In MATLAB, I can easily convert a datetime object to posix:
start_time = datetime('2020-04-30 10:05:00');
start_time_unix = posixtime(start_time)
which returns:
start_time_unix = 1.588241100000000e+09.
In Python, I've created a similar datetime object and tried converting it to posix:
import time
import datetime
import numpy as np
time_string = '2020-04-30 10:05:00'
calendar, clock = time_string.split(' ')
year,month,day = [np.int(x) for x in calendar.split('-')]
hour,minute,second = [np.int(x) for x in clock.split(':')]
dt = datetime.datetime(year, month, day, hour, minute, second)
ut = time.mktime(dt.timetuple())
at which point,
ut = 1588262700.0
In case the hours and minutes are mixed up,
dt2 = datetime.datetime(year, month, day, minute, hour, second)
ut2 = time.mktime(dt2.timetuple())
returns
ut2 = 1588245000.0
Why am I seeing this discrepancy between MATLAB and Python? Also, is there a way to parse a date/time string and convert it to posix more efficiently?
In Python, if you parse a date/time string that does not contain timezone information or UTC offset to a datetime
object, the resulting object is naive, i.e. it does not know about any timezone, DST or UTC offset.
From the docs:
A naive object does not contain enough information to unambiguously locate itself relative to other date/time objects. Whether a naive object represents Coordinated Universal Time (UTC), local time, or time in some other timezone is purely up to the program, just like it is up to the program whether a particular number represents metres, miles, or mass. Naive objects are easy to understand and to work with, at the cost of ignoring some aspects of reality.
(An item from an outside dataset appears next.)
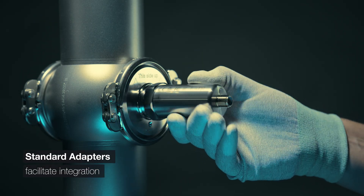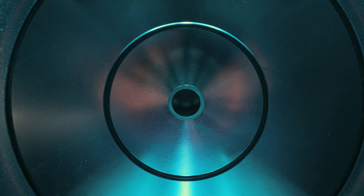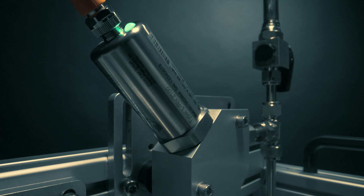The smart adapter design prevents coating build-up and simplifies cleaning, minimizing downtime. Streamline your setup with a single M12 cable.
Python will by default assume that a naive datetime
object belongs in the timezone of your operating system!
More from the docs:
Warning: Because naive datetime objects are treated by many datetime methods as local times, it is preferred to use aware datetimes to represent times in UTC.
For the given example, you will need to specify timezone information to avoid ambiguities:
from datetime import datetime, timezone
# parse to datetime, in this case we don't need strptime since string is ISO8601 compatible
dtobj = datetime.fromisoformat('2020-04-30 10:05:00')
# naive, no tz info: datetime.datetime(2020, 4, 30, 10, 5)
# add a timezone, for UTC, we can use timezone.utc from the datetime module:
dtobj = dtobj.replace(tzinfo=timezone.utc)
# tz-aware: datetime.datetime(2020, 4, 30, 10, 5, tzinfo=datetime.timezone.utc)
# now we can obtain the posix timestamp:
posix = dtobj.timestamp()
print(posix)
# 1588241100.0
If you intend to work frequently with time series data in Python, have a look at the dateutil package.